TO DO: Word for word, copy the lines beginning at the one with "sykzak's cooksnap of" and ending at the last line below; pictures stay out.

DATASET CONTENT:
══════

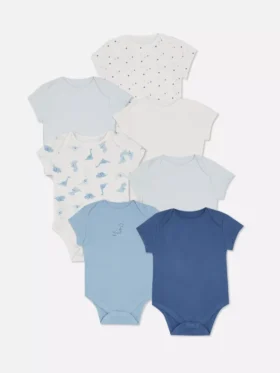 0-36 meses | Pack de 7 bodies de manga corta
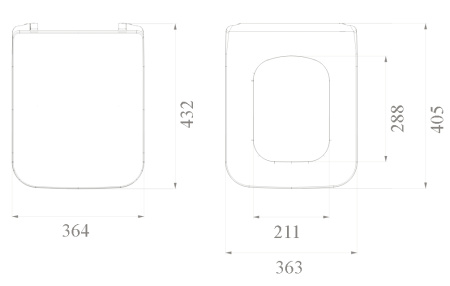 Сиденье для унитаза Boheme Puro белый с петлями хром 958-CR - 1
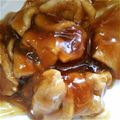 sykzak's cooksnap of when they made なんちゃって☆豚角煮丼.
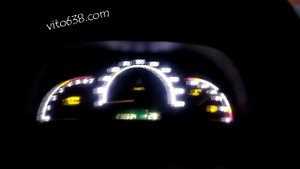 Подсветка приборки белая Vito 638 CDI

══════

EXERCISE OUTPUT:
 sykzak's cooksnap of when they made なんちゃって☆豚角煮丼.
 Подсветка приборки белая Vito 638 CDI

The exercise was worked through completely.